Parmi per tanto di scorgere che Apelle, come d'ingegno
libero e non servile, e capacissimo delle vere dottrine,
cominci, mosso dalla forza di tante novità, a dar
orecchio ed assenso alla vera e buona filosofia, e
massime in questa parte che concerne alla costituzione
dell'universo, ma che non possa ancora staccarsi
totalmente dalle già impresse fantasie, alle quali torna
pur talora l'intelletto abituato dal lungo uso a prestar
l'assenso: il che si scorge altresì, pur in questo
medesimo luogo, mentre egli cerca di dimostrare che le
macchie non sono in alcun de gli orbi della Luna di
Venere o di Mercurio, dove ei va ritenendo come veri e
reali e realmente tra loro distinti e mobili quelli
eccentrici totalmente o in parte, quei deferenti,
equanti, epicicli etc., posti da i puri astronomi per
facilitar i lor calcoli, ma non già da ritenersi per
tali da gli astronomi filosofi, li quali, oltre alla cura
del salvar in qualunque modo l'apparenze, cercano
d'investigare, come problema massimo ed ammirando, la
vera costituzione dell'universo, poi che tal costituzione
è, ed è in un modo solo, vero, reale ed impossibile ad
esser altramente, e per la sua grandezza e nobiltà degno
d'esser anteposto ad ogn'altra scibil questione da
gl'ingegni specolativi.
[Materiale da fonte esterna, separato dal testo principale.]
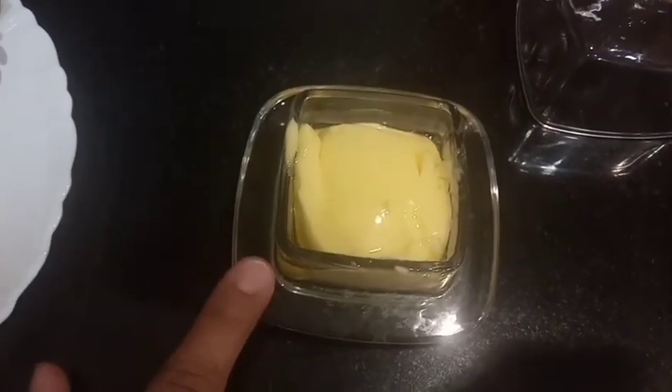For vegans, you can use vegetable oil instead of butter. For vegans, I have also prepared some water.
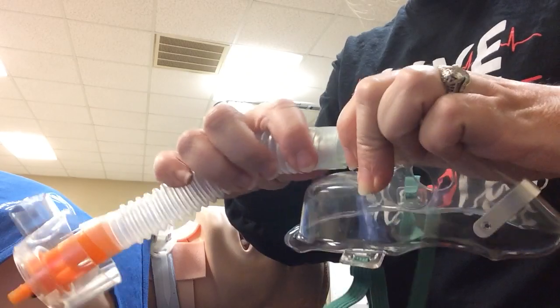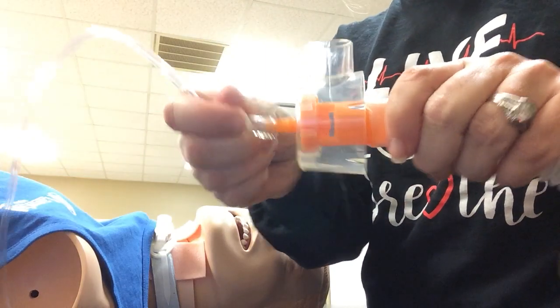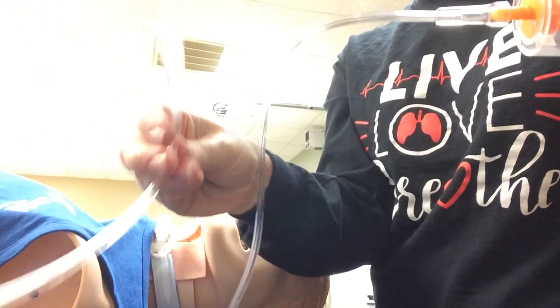Your mask goes there. And then your last part is your oxygen tubing — one part connects here, and the other side goes to the flow meter.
Io non nego già i movimenti
circolari intorno alla Terra e sopra altro centro che
quello di lei, né tanpoco gli altri moti circolari
separati totalmente dalla Terra, cioé che non la
circondano e riserrano dentro i cerchi loro; perché
Marte, Giove e Saturno, con i loro appressamenti e
discostamenti, mi accertano di quelli, e Venere e
Mercurio e più i quattro pianeti Medicei; mi fanno
toccar con mano questi, e per consequenza son sicurissimo
che ci sono moti circolari che descrivono cerchi
eccentrici ed epicicli: ma che per descriverli tali la
natura si serva realmente di quella faragine di sfere ed
orbi figurati da gli astronomi, ciò reputo io così poco
necessario a credersi, quanto accomodato all'agevolezza
de' computi astronomici; e sono d'un parer medio tra
quegli astronomi li quali ammettono non solo i movimenti
eccentrici delle stelle, ma gli orbi e le sfere ancora
eccentriche, le quali le conduchino, e quei filosofi che
parimente negano e gli orbi e i movimenti ancora intorno
ad altro centro che quello della Terra. Però, mentre si
tratta d'investigar il luogo delle macchie solari, avrei
desiderato che Apelle non l'avesse scacciate da un luogo
reale che si trova tra gli immensi spazii ne i quali si
raggirano i piccioli corpicelli della Luna di Venere e di
Mercurio, scacciate, dico, in virtù d'una immaginaria
supposizione, che tali spazii sieno interamente occupati
da orbi eccentrici epicicli e deferenti, disposti, anzi
necessitati, a portar con loro ogn'altro corpo che in
essi venisse situato, sì ch'ei non potesse per se stesso
vagare verso niun'altra banda, se non dove con troppo
dura catena il ciel ambiente gli rapisse: e tanto meno
vorrei questo, quanto io veggo il medesimo Apelle a canto
a canto conceder questo stesso che prima avea negato.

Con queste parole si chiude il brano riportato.